Published On December 20, 2018
ABOUT A QUARTER OF HEART ATTACKS STRIKE PEOPLE who have already had one. Nearly all of those patients have prescriptions for medications that can reduce their risk, but many patients don’t take those drugs. A study looking at one of the more common and well-tolerated drugs, angiotensin-converting enzyme (ACE) inhibitors, found that 7% of patients stopped taking them within a month and half no longer used the drugs by the two-year mark.
Some patients may not fill their prescriptions because they can’t afford them, while others simply opt out. Many patients, however, may experience side effects and need to have their dosage adjusted—a fussy process that a busy specialist might find hard to manage. Enter the prescribing pharmacist.

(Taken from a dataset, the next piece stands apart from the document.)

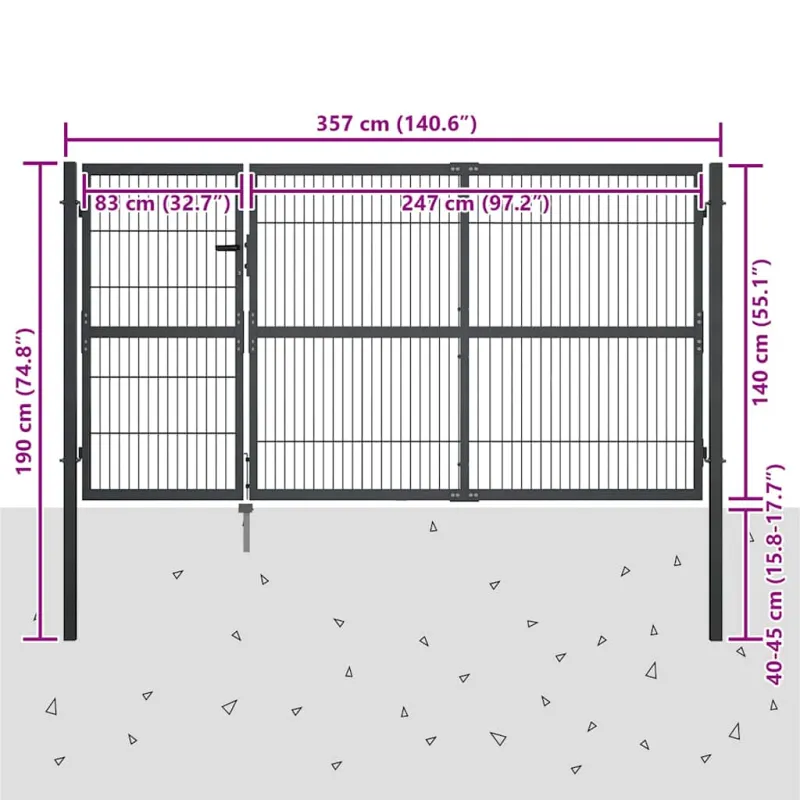 Sodo vartai su stulpais, antracito sp., 350x140 cm, plienas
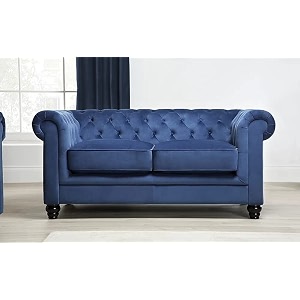 es espinho espn0001 solid sal wood velvet upholstered button tufted chesterfield 2 seater sofa set for living room blue color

These days, a growing number of pharmacists can prescribe medications, conduct health screenings and give vaccinations. It would make sense to also allow them to help manage patients’ care outside a hospital or doctor’s office. Calum MacRae, vice chair for Scientific Innovation in the Department of Medicine at Brigham and Women’s Hospital in Boston, helped start a program in which pharmacists team up with “health coaches” to assist patients with heart disease.
Q: What patients were you trying to reach with this program?
A: We focused on those who’d had a heart attack or stroke and who weren’t meeting their targets in maintaining healthy lipid levels or blood pressure. As we managed to keep them on the right dose of their medications, 92% of patients reached their goal within 12 weeks. Staying on treatment turned out to be a powerful way to drive costs down and improve care.
Q: What does this program do to encourage compliance?
A: Instead of going to the doctor when a dosage needs adjustment, patients take tests that can be done at home or in a lab. They report these results to a health coach, a junior member of the clinical team who checks in with them regularly. The health coach then enters the results into an informatics system, whose algorithms provide step-by-step guidelines on what to do next—additional lab tests, for example, or a new prescription. The pharmacist reviews the prescription recommendations and oversees the whole process.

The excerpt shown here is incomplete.